Corruption remains a serious challenge for companies in most parts of the world and across all industries. Corruption exposes companies to legal and financial risk through penalties and blacklisting. In addition, corruption exposes companies, their investors and their business partners to significant reputational risk. In the long term, broadly diversified investors are likely to see reduced returns due to capital being diverted away from its most efficient allocation.
Corruption and a wider lack of the rule of law are barriers against the effective participation of countries in the global economy. Corruption and financial fraud such as money laundering are intrinsically linked. While corruption is generally committed for the purpose of obtaining private gain, money laundering is the process of concealing illicit gains generated from corrupt or criminal activity. As such, money laundering can facilitate corruption.

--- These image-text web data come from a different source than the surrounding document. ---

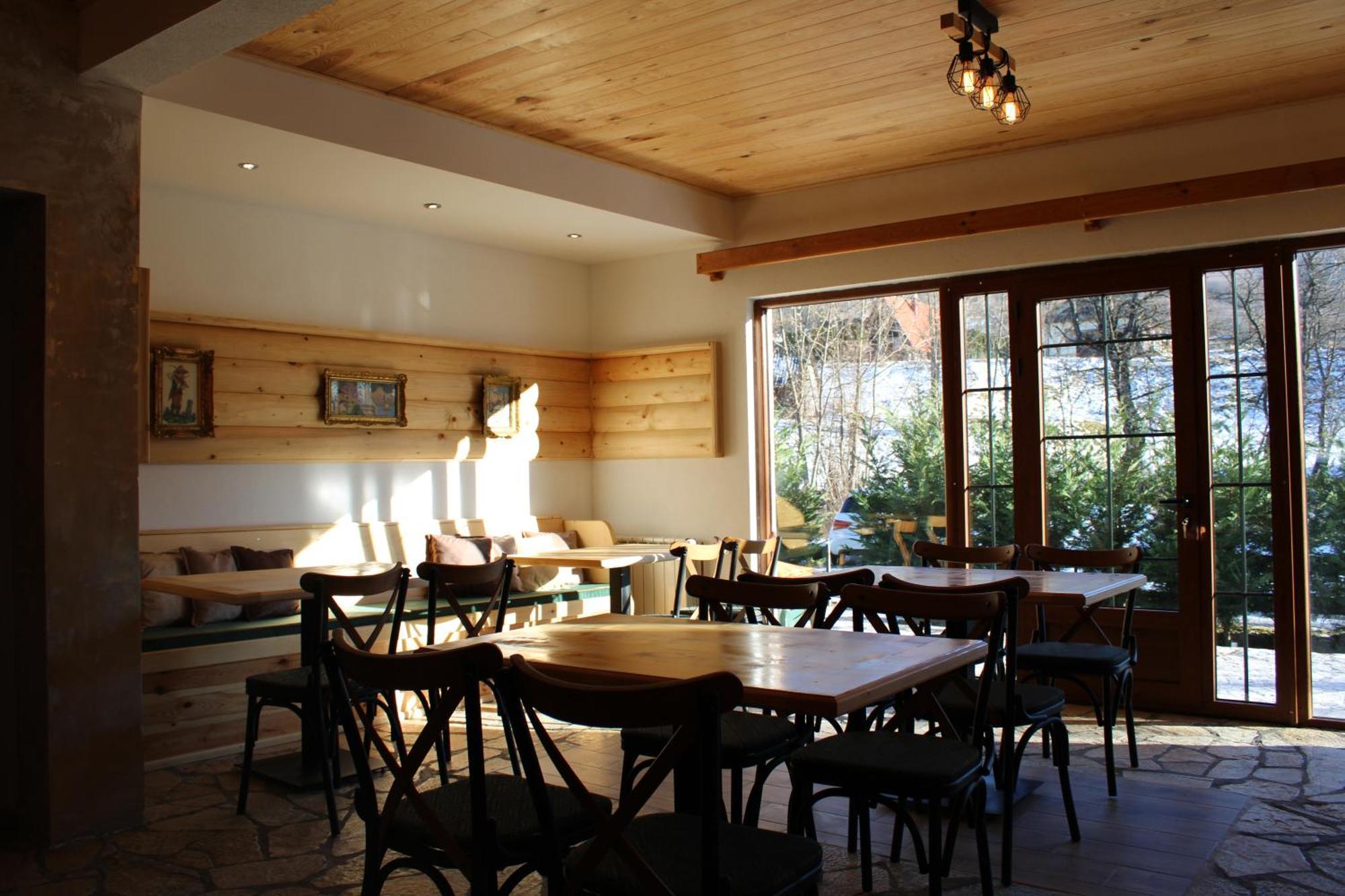 Villa Pahulja Rooms 科拉欣 外观 照片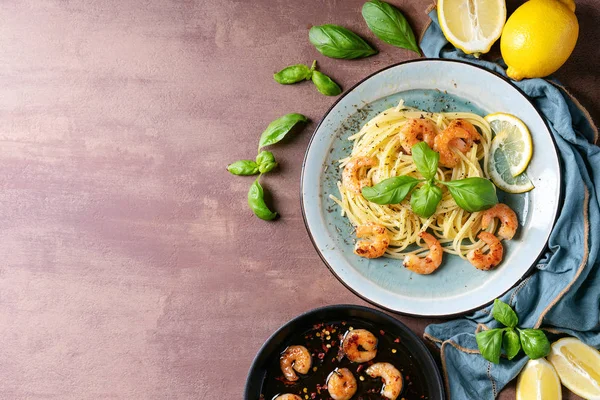 Kızarmış karides karides İtalyan spagetti makarna — Stok fotoğraf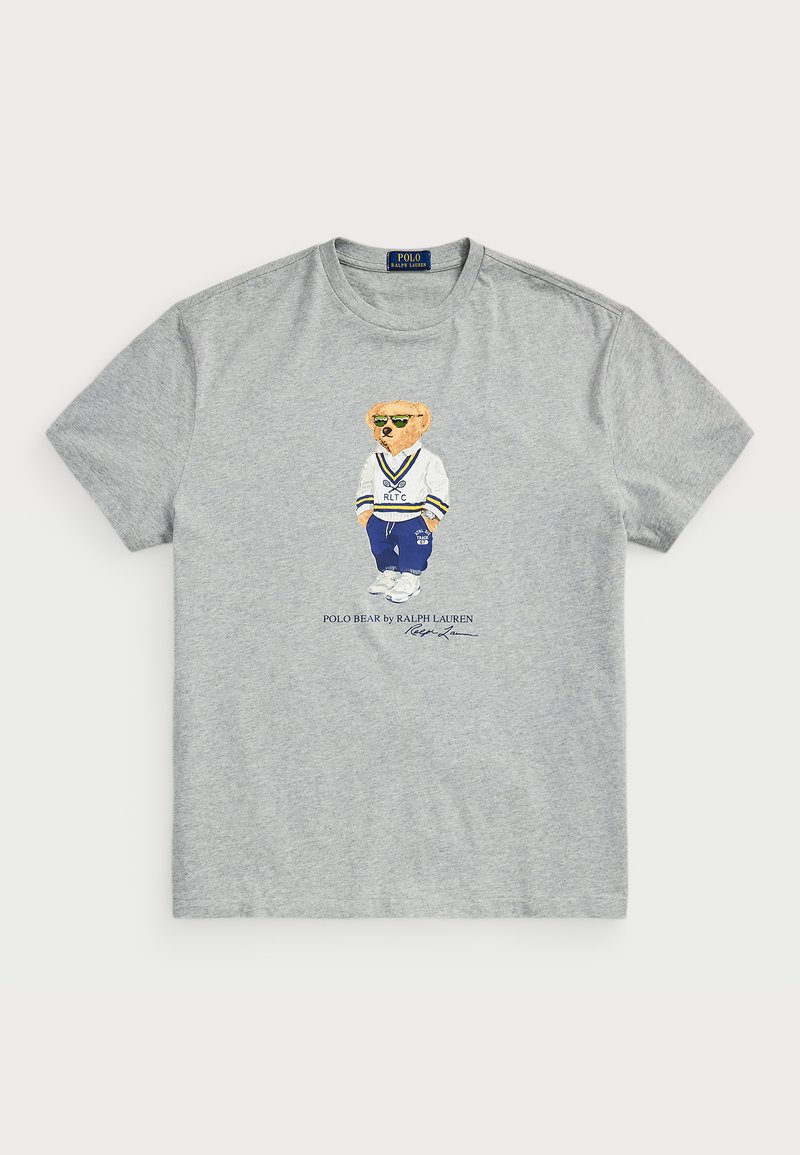 Grå bomullströja med en grafik av en björn i en vit och blå outfit. "Polo Bear by Ralph Lauren" tryckt nedanför designen.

The UN Convention against Corruption requires states to implement anti-corruption measures. Further, the OECD Anti-Bribery Convention establishes legally binding standards to criminalise bribery of foreign public officials in international business transactions and requires signatories to take measures against the laundering of money derived from bribery. Many countries have recently reinforced their anti-corruption legislation and enhanced enforcement actions. Principle 10 of the UN Global Compact urges companies not only to avoid bribery, extortion and other forms of corruption, but also to develop policies and concrete programmes to address it.
Companies should comply with all applicable anti-corruption laws. While anti-corruption laws and their enforcement are the responsibility of national governments, international principles for responsible business conduct recognise the important role that company boards play in setting corporate anti-corruption policy, as well as monitoring the implementation and effectiveness of anti-corruption programmes. We endorse the view that anti-corruption policy is a board responsibility.
As an investor, we analyse opportunities and risks to our investments. We expect companies to identify and manage corruption risk, including the risk of laundering money derived from corrupt activity, and to report publicly on their anti-corruption efforts. For selected companies, we use such information to assess their potential exposure to corruption risk, management and performance.
A. Establish clear policy on anti-corruption
- Boards should ensure that companies establish anti-corruption policies and procedures to prevent, identify and address corruption in the organisation. Anti-corruption policies should be informed by a comprehensive risk assessment relating to the potential for corruption in all aspects of business operations.
- Companies should ensure that anti-corruption policies and procedures are communicated to employees and business partners in a manner which demonstrates explicit and active commitment from senior management against corruption.
- Companies should regularly ensure that all business units implement anti-corruption policies appropriately and that responsibilities and authorities are assigned and communicated.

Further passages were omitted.